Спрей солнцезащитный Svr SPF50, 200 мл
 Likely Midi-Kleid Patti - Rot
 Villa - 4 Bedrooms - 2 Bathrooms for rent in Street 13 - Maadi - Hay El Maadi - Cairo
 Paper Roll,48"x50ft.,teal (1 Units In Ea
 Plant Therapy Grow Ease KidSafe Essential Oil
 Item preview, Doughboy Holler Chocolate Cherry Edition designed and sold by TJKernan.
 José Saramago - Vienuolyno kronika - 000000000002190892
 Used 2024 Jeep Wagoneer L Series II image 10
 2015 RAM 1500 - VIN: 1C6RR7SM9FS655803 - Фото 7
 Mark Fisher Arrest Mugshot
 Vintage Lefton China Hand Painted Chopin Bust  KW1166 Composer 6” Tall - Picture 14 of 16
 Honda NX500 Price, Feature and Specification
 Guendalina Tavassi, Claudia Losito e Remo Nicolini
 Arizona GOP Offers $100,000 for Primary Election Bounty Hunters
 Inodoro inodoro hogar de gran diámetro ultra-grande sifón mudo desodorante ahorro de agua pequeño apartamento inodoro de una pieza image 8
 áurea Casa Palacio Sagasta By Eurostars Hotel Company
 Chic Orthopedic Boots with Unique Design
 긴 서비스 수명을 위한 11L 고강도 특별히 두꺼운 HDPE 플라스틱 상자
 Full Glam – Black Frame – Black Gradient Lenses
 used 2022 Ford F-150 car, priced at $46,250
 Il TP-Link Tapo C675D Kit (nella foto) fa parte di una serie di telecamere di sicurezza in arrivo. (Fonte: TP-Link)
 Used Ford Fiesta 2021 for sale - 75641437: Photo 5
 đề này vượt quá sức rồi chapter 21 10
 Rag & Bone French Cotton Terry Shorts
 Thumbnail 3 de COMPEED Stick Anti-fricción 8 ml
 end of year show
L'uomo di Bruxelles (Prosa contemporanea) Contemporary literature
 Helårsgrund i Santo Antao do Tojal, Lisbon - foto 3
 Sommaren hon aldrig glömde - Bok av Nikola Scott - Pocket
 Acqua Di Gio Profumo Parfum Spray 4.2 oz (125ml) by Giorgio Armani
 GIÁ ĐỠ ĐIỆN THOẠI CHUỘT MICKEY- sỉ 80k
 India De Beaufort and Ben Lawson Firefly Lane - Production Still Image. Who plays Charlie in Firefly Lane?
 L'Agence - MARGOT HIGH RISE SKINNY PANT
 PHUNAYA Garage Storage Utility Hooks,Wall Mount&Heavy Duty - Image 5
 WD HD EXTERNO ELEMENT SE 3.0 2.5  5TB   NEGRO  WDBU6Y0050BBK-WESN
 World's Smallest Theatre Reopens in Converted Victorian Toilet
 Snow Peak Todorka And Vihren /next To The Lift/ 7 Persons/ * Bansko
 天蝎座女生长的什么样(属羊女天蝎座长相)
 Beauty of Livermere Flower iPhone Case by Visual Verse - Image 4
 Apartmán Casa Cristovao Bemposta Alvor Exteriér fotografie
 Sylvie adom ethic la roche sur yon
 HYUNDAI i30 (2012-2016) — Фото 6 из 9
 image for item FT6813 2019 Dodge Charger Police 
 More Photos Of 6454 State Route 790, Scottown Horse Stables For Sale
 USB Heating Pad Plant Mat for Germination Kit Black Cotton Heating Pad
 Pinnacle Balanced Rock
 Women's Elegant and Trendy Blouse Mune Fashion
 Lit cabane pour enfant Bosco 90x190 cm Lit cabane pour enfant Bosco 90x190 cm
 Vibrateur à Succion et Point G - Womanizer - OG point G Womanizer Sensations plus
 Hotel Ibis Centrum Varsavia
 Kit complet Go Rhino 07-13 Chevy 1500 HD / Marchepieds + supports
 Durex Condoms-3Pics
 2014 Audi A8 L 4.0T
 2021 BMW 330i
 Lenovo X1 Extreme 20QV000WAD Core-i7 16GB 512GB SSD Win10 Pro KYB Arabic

- [Problem statement]: Of the lines above, retype only those from the line containing "Likely Midi-Kleid Patti - Rot" through the line containing "Vintage Lefton China", including both, exactly.

- [Exercise output]:
 Likely Midi-Kleid Patti - Rot
 Villa - 4 Bedrooms - 2 Bathrooms for rent in Street 13 - Maadi - Hay El Maadi - Cairo
 Paper Roll,48"x50ft.,teal (1 Units In Ea
 Plant Therapy Grow Ease KidSafe Essential Oil
 Item preview, Doughboy Holler Chocolate Cherry Edition designed and sold by TJKernan.
 José Saramago - Vienuolyno kronika - 000000000002190892
 Used 2024 Jeep Wagoneer L Series II image 10
 2015 RAM 1500 - VIN: 1C6RR7SM9FS655803 - Фото 7
 Mark Fisher Arrest Mugshot
 Vintage Lefton China Hand Painted Chopin Bust  KW1166 Composer 6” Tall - Picture 14 of 16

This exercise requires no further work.